BEGIN Task data

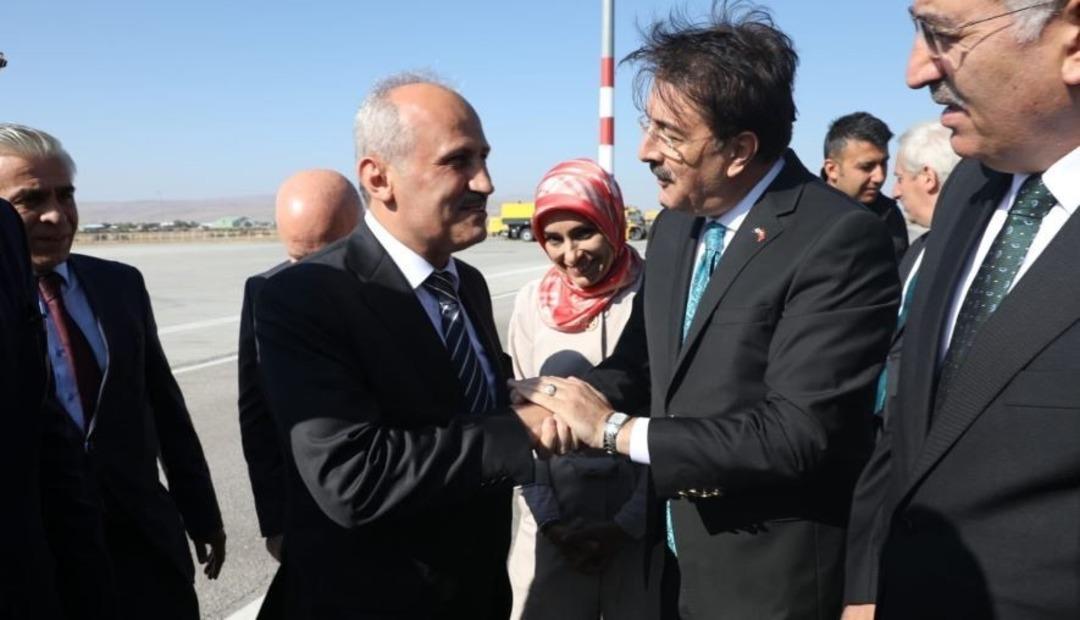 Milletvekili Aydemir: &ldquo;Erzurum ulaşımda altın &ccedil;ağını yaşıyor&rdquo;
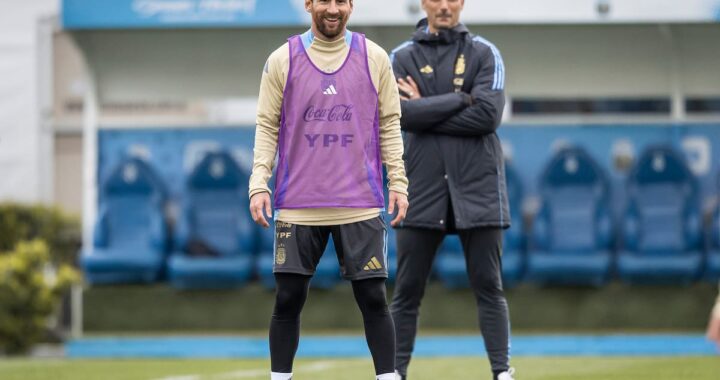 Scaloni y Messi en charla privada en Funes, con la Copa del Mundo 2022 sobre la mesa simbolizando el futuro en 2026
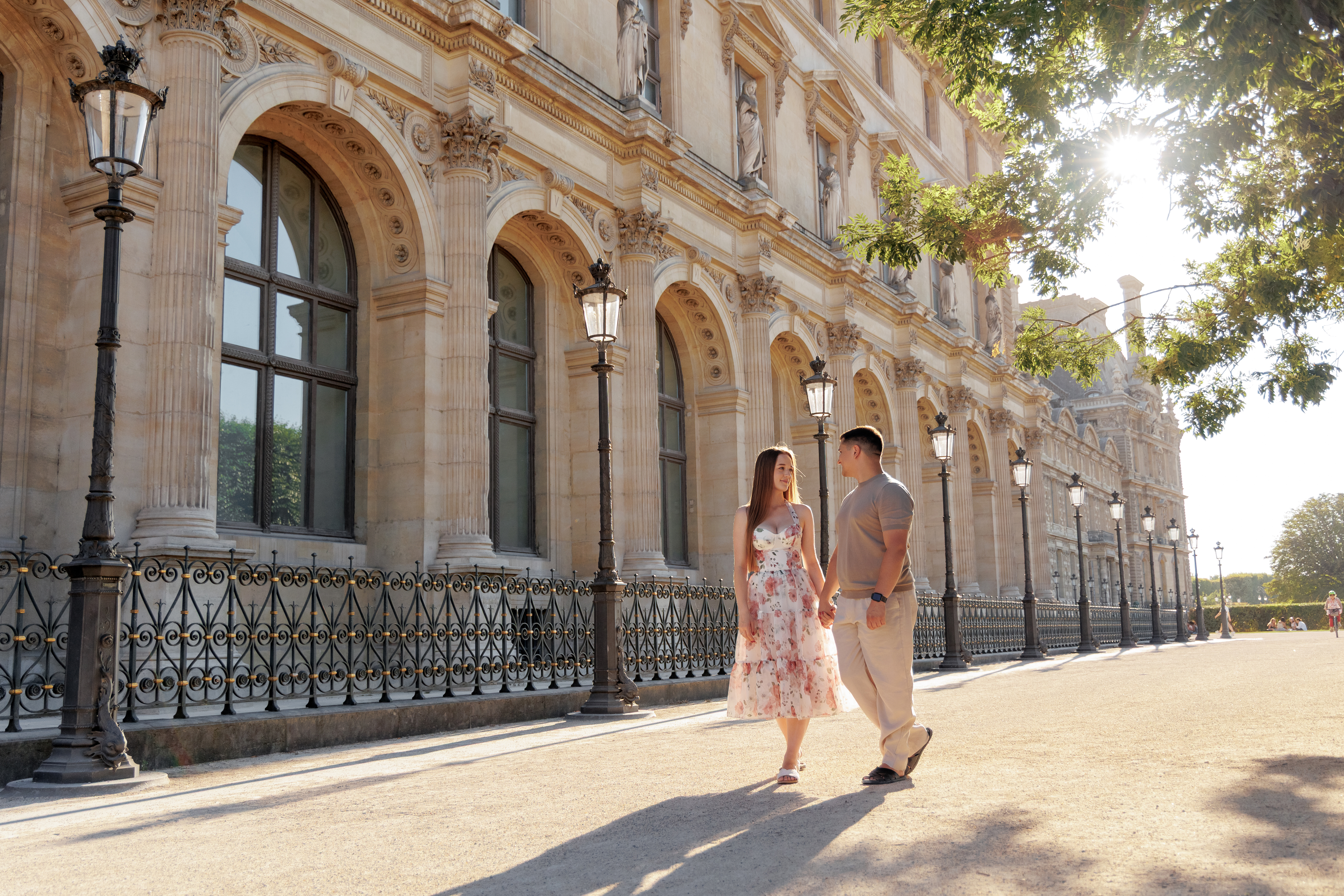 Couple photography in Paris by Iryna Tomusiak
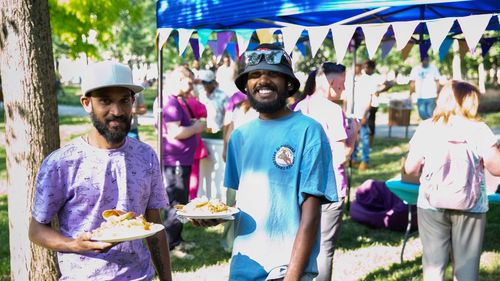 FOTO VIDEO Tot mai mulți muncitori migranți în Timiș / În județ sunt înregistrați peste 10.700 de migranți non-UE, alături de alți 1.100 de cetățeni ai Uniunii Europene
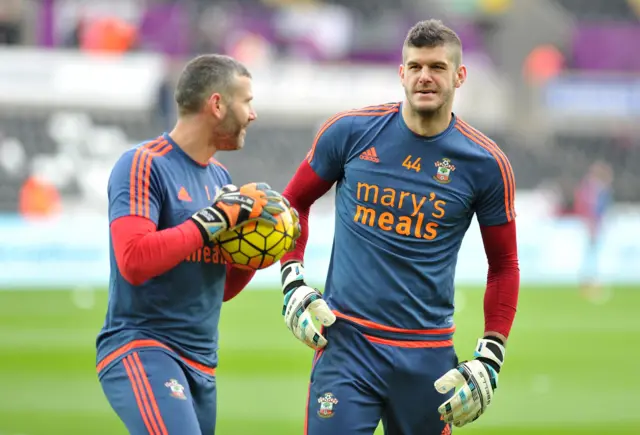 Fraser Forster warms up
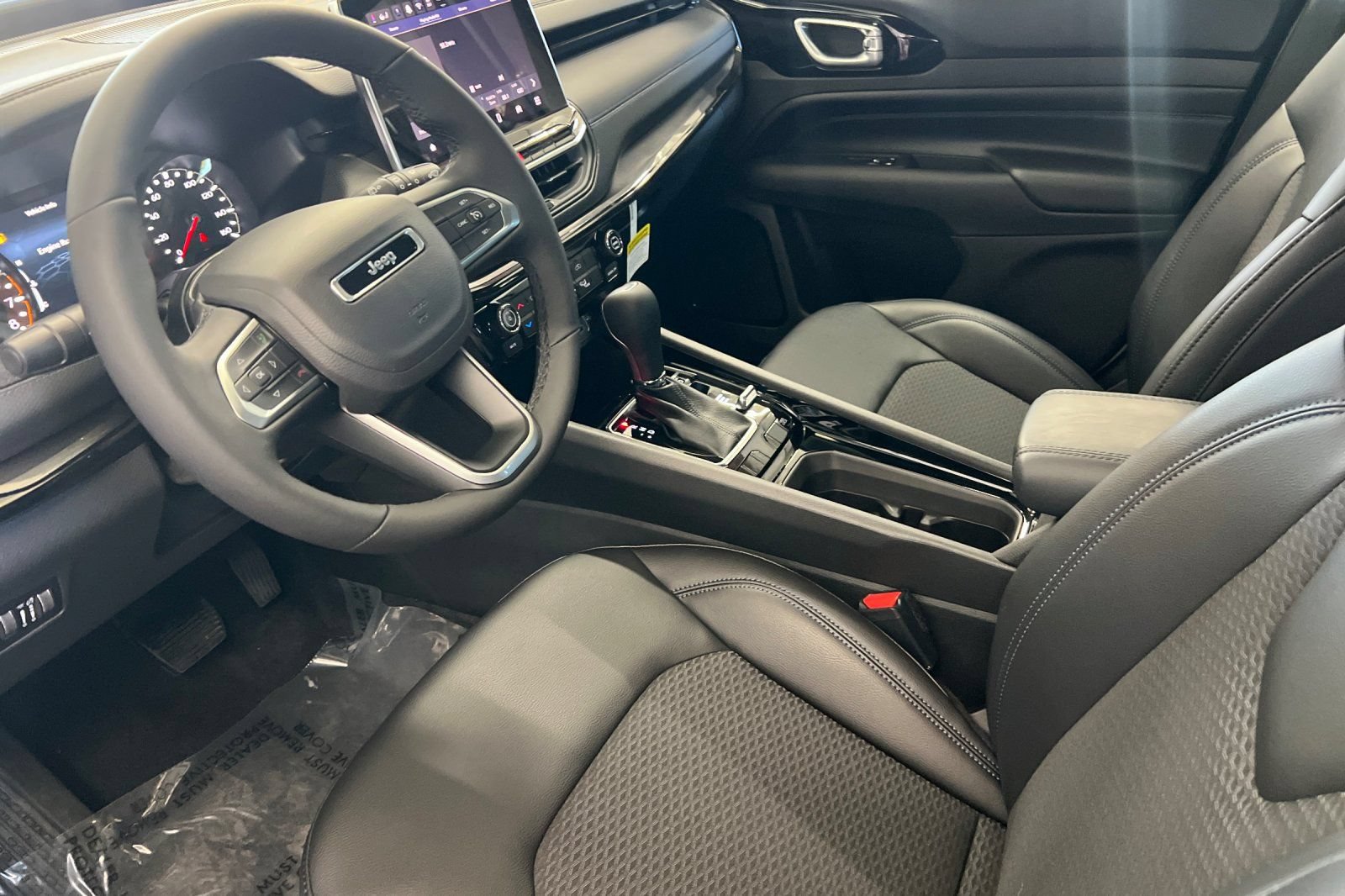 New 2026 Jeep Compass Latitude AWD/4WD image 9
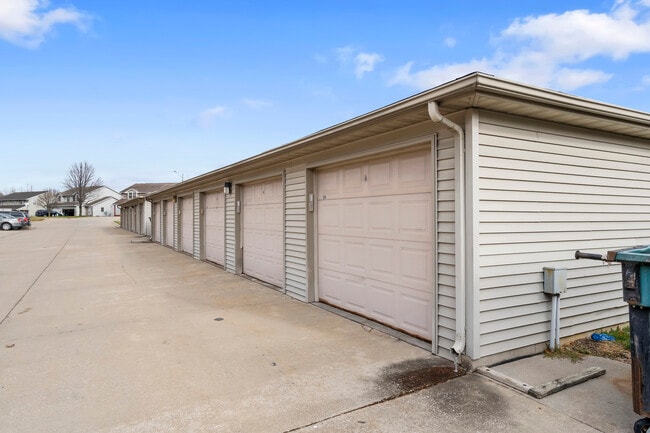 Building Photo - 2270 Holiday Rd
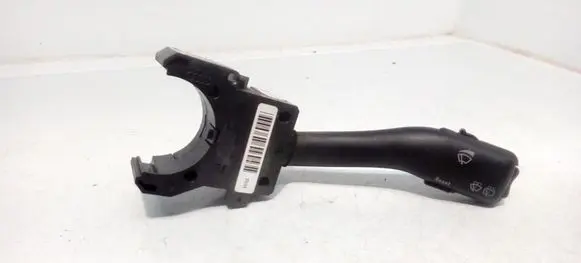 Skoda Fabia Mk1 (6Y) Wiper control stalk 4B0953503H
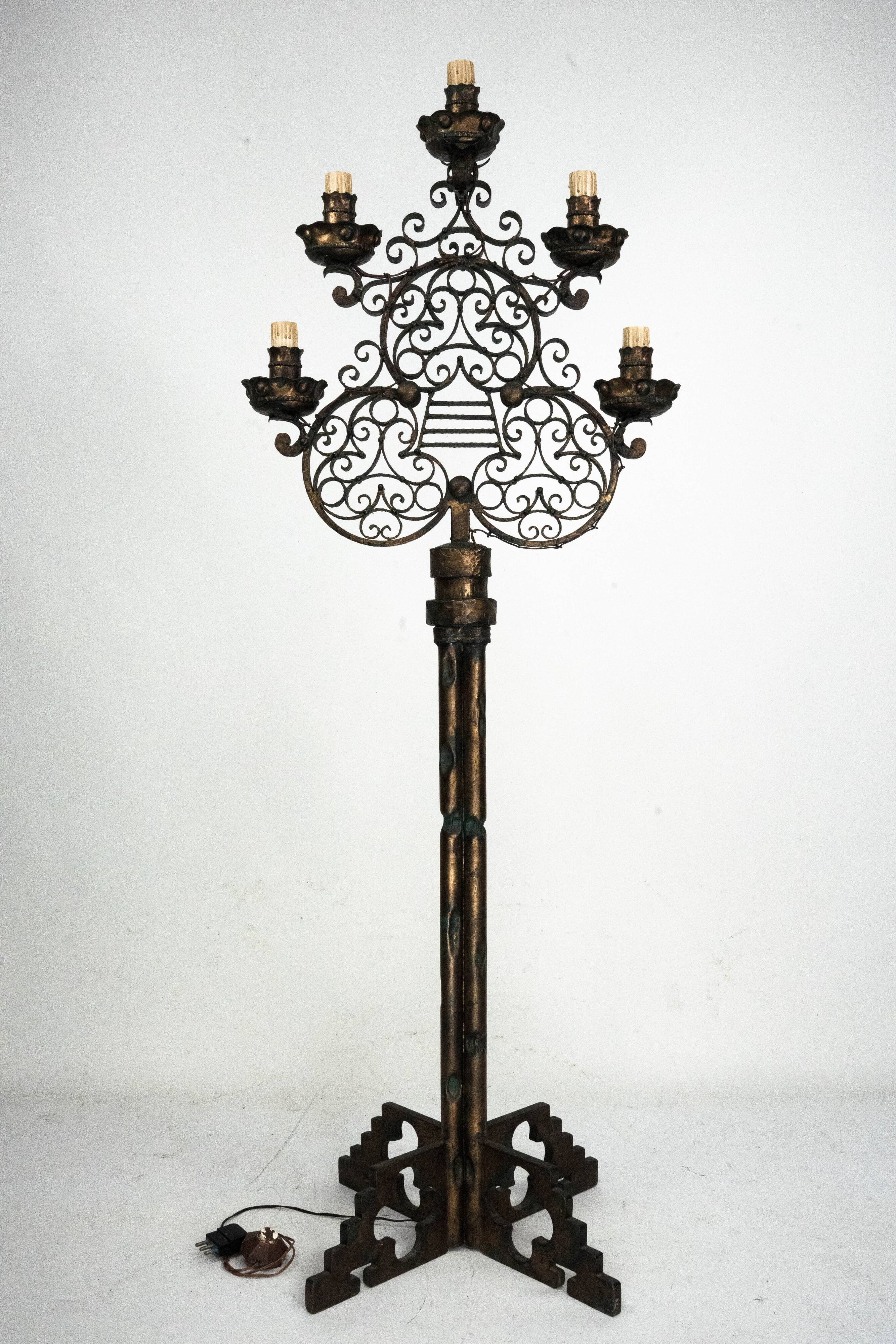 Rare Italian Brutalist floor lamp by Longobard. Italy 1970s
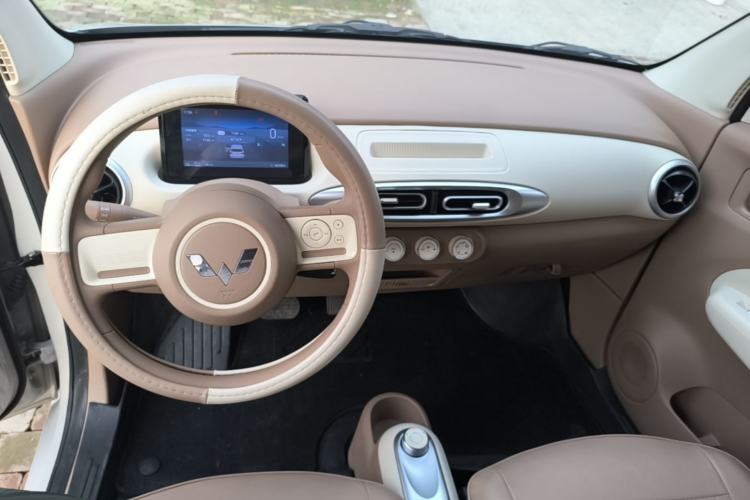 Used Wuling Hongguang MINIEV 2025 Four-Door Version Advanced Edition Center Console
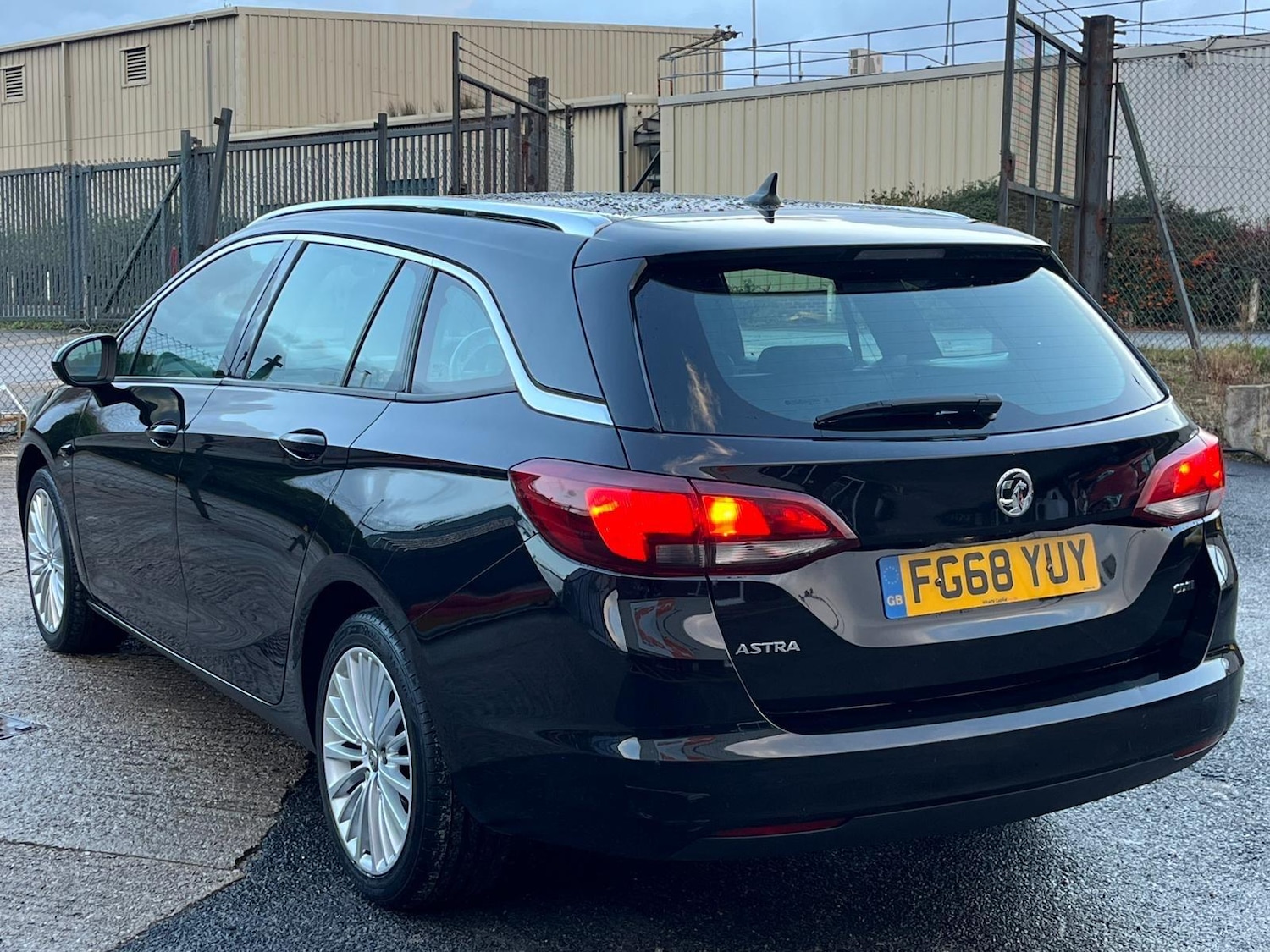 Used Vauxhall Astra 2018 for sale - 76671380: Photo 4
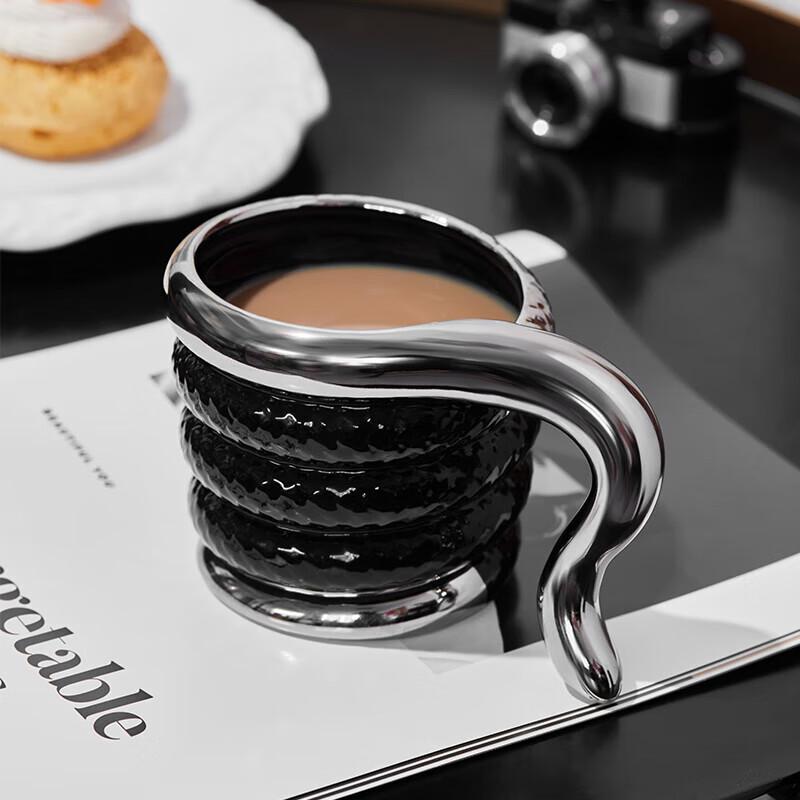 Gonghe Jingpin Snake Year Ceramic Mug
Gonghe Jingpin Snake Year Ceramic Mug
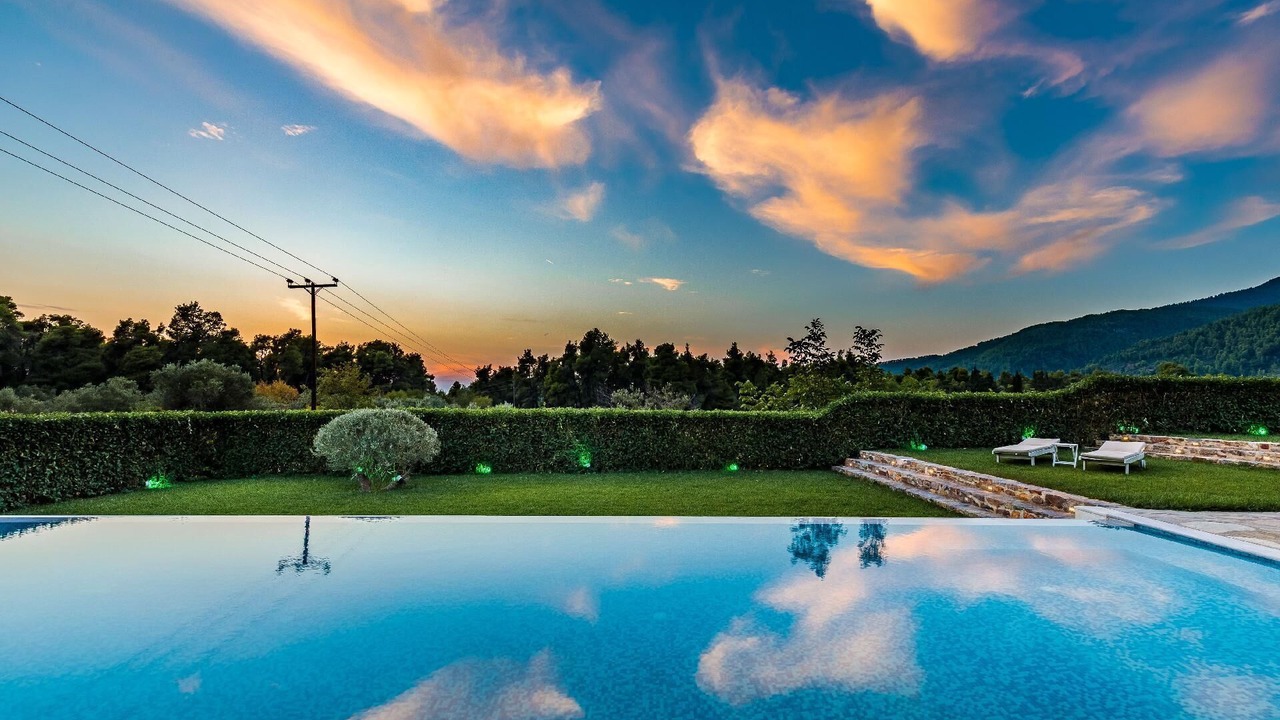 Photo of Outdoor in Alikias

END Task data

▶ _Directions_: Output the data above exactly. Drop every picture.

▶ _Response_:
 Milletvekili Aydemir: &ldquo;Erzurum ulaşımda altın &ccedil;ağını yaşıyor&rdquo;
 Scaloni y Messi en charla privada en Funes, con la Copa del Mundo 2022 sobre la mesa simbolizando el futuro en 2026
 Couple photography in Paris by Iryna Tomusiak
 FOTO VIDEO Tot mai mulți muncitori migranți în Timiș / În județ sunt înregistrați peste 10.700 de migranți non-UE, alături de alți 1.100 de cetățeni ai Uniunii Europene
 Fraser Forster warms up
 New 2026 Jeep Compass Latitude AWD/4WD image 9
 Building Photo - 2270 Holiday Rd
 Skoda Fabia Mk1 (6Y) Wiper control stalk 4B0953503H
 Rare Italian Brutalist floor lamp by Longobard. Italy 1970s
 Used Wuling Hongguang MINIEV 2025 Four-Door Version Advanced Edition Center Console
 Used Vauxhall Astra 2018 for sale - 76671380: Photo 4
 Gonghe Jingpin Snake Year Ceramic Mug
Gonghe Jingpin Snake Year Ceramic Mug
 Photo of Outdoor in Alikias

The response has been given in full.